This blog was written by Srinidhi Lakshmanan, Director, Research and Learning at Simple Education Foundation, India.
The UKFIET 2025 conference was my first international conference, and the opportunity to gather with a global education community that deeply cares about the state of the world and education today was extremely humbling and rewarding.
Its theme on ‘Mobilising Knowledge, Partnerships, and Innovations for Sustainable Development through Education and Training’ looked to bring together ‘’local, regional, and global perspectives to advance innovative, inclusive, and sustainable practices at all levels of education.’’
Feeling equal parts nervous and excited, I landed in Oxford, ready to soak up new perspectives and build new connections, while seeking comfort in the presence of familiar faces and colleagues.
The conference started with a moving opening keynote by Professor Ahmed Kamal Junina, Assistant Professor and Head of the English Department, Al-Aqsa University, Gaza and Professor Yusuf Sayed, Professor of International Education, REAL Centre, University of Cambridge. They urged us to think deeply about the purpose of education in relation to the many crises – inequality and poverty, war and displacement, climate degradation (to name a few) – we are facing today.
Their framing of ‘teaching as an act of resistance’ really stood out to me, as it positioned teaching as something that goes beyond merely the ‘technical’ aspects.

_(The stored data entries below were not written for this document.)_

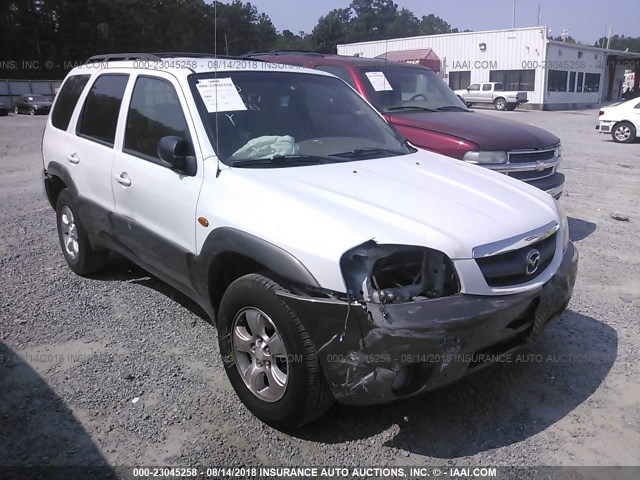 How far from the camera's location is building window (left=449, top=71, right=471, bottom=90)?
4262 centimetres

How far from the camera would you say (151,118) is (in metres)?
3.84

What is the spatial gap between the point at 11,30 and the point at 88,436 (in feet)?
187

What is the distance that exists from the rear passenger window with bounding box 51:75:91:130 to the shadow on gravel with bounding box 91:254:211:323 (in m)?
1.33

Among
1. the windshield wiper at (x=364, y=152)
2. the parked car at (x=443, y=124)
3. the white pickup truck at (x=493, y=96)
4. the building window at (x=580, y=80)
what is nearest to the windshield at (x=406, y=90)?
the parked car at (x=443, y=124)

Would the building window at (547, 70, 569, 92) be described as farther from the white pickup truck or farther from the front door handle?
the front door handle

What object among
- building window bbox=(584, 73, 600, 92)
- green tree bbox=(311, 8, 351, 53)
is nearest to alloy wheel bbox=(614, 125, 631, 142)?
building window bbox=(584, 73, 600, 92)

Against this backdrop, all the subsequent sessions, brought up reflections and questions related to:
- Centrality of the teacher’s role and its expanding dimensions
- Factors shaping teachers’ roles and agency
- The role of evidence and partnerships
Centrality of the teacher’s role and its expanding dimensions
My belief was strongly validated on centring the role and voice of teachers and local actors, if we are to reimagine education, its purpose and how it is delivered. However, unpacking what this role looks like in the current crisis and could look like in the future is extremely crucial. For example, the ever-expanding role of teachers was evident in multiple presentations, including the opening keynote and this session on ‘Education in emergencies’, which highlighted the dynamic nature of their role in ensuring that children continue learning even in the harshest of circumstances. Even in situations where an immediate policy response may not be present, teachers show up with resilience, resistance and adaptability, ready to reinvent and improvise. At the same time, discussions with participants from across countries revealed familiar themes and challenges – dipping motivation, unsupportive working conditions and increasing workload.
Factors shaping teachers’ roles and agency
This requires further reflection on how current policy and education reform is shaping the role of teachers and local actors and how we/me as researchers and practitioners are also shaping policy and reform.
Do these reforms centre teacher voice and agency and create space for innovation? What implications do these reforms have on their role and in turn on their professional identities and motivation? The session on ‘Teacher agency and voice for systemic change’ turned to some of these questions and showed how teacher agency and motivation are not just inherent individual characteristics but can be and need to be amplified at various levels – classroom, school, community, education systems – through an enabling environment.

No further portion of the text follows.